Court Opinion

ID: 5245326
Source: CourtListenerOpinion
Date Created: 2022-01-06 17:57:21.262858+00
Date Added: 2024-06-11T08:27:51.350001
License: Public Domain

Smith, J.:
The facts in this case are so fully and fairly stated in the opinion of my brother Justice Laughlin, filed herewith, that it is not necessary to restate them in this opinion. I will proceed at once, therefore, to an expression of my views upon the questions presented.
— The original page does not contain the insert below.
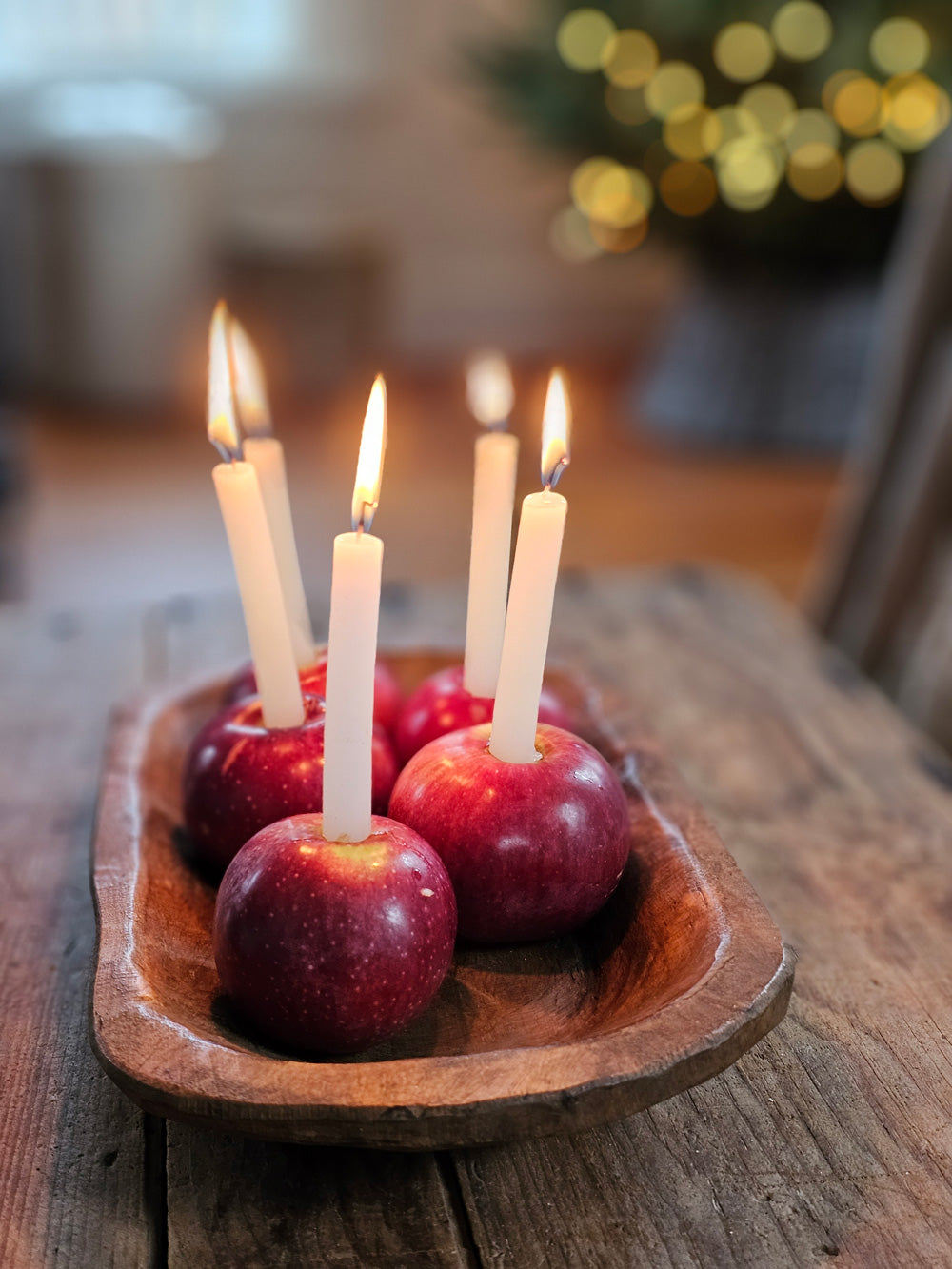 Primitive Wood Dough Bowl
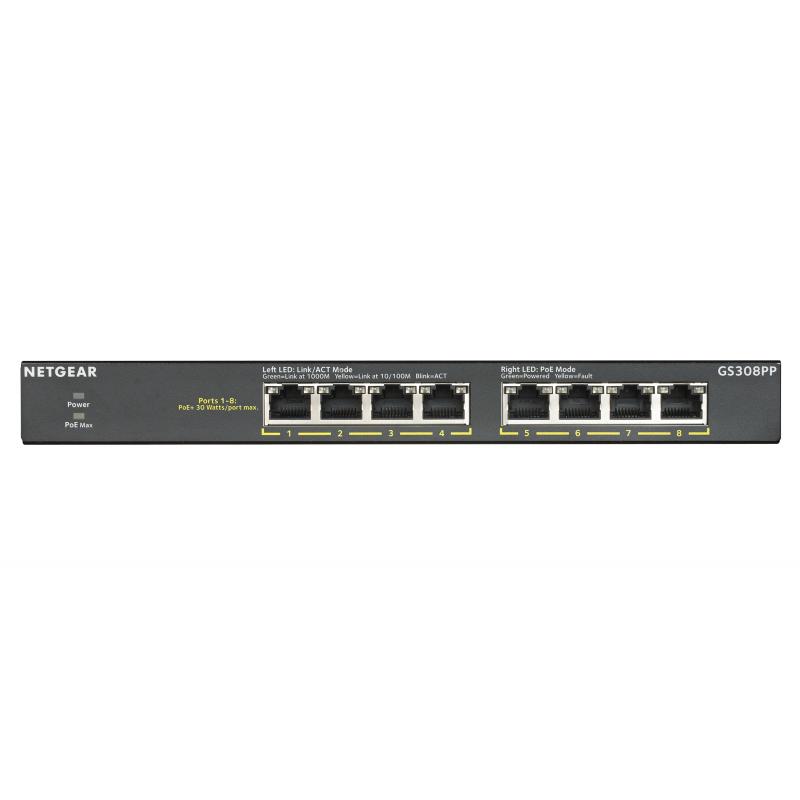 Netgear Switch GS308PP (GS308PP-100EUS) (GS308PP100EUS)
In Remington on Bankruptcy (Vol. 1 [2d ed.], § 757), in discussing guaranteed allowable claims, it is said: “ There should be no deduction for the amounts paid in on the debt by the surety. The creditor should prove for the entire debt as if no part thereof had been paid by the surety; and if the dividend plus the payments made by the surety exceed the total amount due, then the creditor holds the excess in trust for the surety.” That rule seems also to be laid down in section 756. The Bankruptcy Act especially provided that where there is a secured claim the value of the security must be deducted from the claim before proof. (30 U. S. Stat. at Large, 560, § 57.) But a secured claim as there mentioned is defined to be a claim secured by a lien upon the bankrupt’s property. (Id. 545, § 1, subd. 23.) A claim secured by the surety bond or by an *178indorser, for instance, is not a secured claim within the meaning of the Bankruptcy Law, and, therefore, comes within the common-law right authorizing proof of the full amount of the claim, whether or not any part thereof has been paid by the surety.
If this be the rule I am unable to see how it is possible that this surety, upon paying to the bankruptcy creditors $25,000, is entitled to subrogation. If the surety pays the claim in full, then the creditors have no claim against the bankrupt but the surety is subrogated to their rights. When, however, the creditors are entitled to dividends upon their entire claim in addition to their rights against the surety, that makes subrogation impossible. There is nothing to which the surely can be subrogated.
It does not follow, however, because the surety cannot be subrogated to the rights of the bankruptcy creditors that it has no claim for the moneys paid on the surety bond. The Carnegie Trust Company gave its indemnity agreement covenanting to make good to the surety company any moneys which that company should be compelled to pay under its bond. The surety company thus has become the creditor of the Carnegie Company to the extent of ihe required payment, and its right to its dividend cannot be impaired by the fact that the claim arises upon a payment of a deficiency .upon another debt of the Carnegie Company which has already had its full dividends. To hold otherwise would hold nugatory the indemnity agreement. The authorities holding that one debt of a bankrupt cannot create two liabilities against the estate apply only where a creditor is thus seeking an undue proportion of the assets of the bankrupt. No such result can be here reached, and the surety’s claim here arises, as any other claim might arise, out of a contract which itself contemplates the possible inability of the debtor to pay a certain debt in full.
It is not necessary to determine whether or not the claim of the plaintiff can be allowed in such a way as to diminish the dividends which would otherwise accrue to the bankruptcy creditors. It is contended that such effect cannot be given, because it would violate the spirit of the guaranty. The Special Term has so held, and has made full provision for the *179protection of the bankruptcy creditors in the judgment appealed from, and from this judgment the plaintiff has taken no appeal.
I recommend, therefore, that the judgment be affirmed, with costs.
Clarke, P. J., and Shearn, J., concurred; Laughlin and Dowling, JJ., dissented.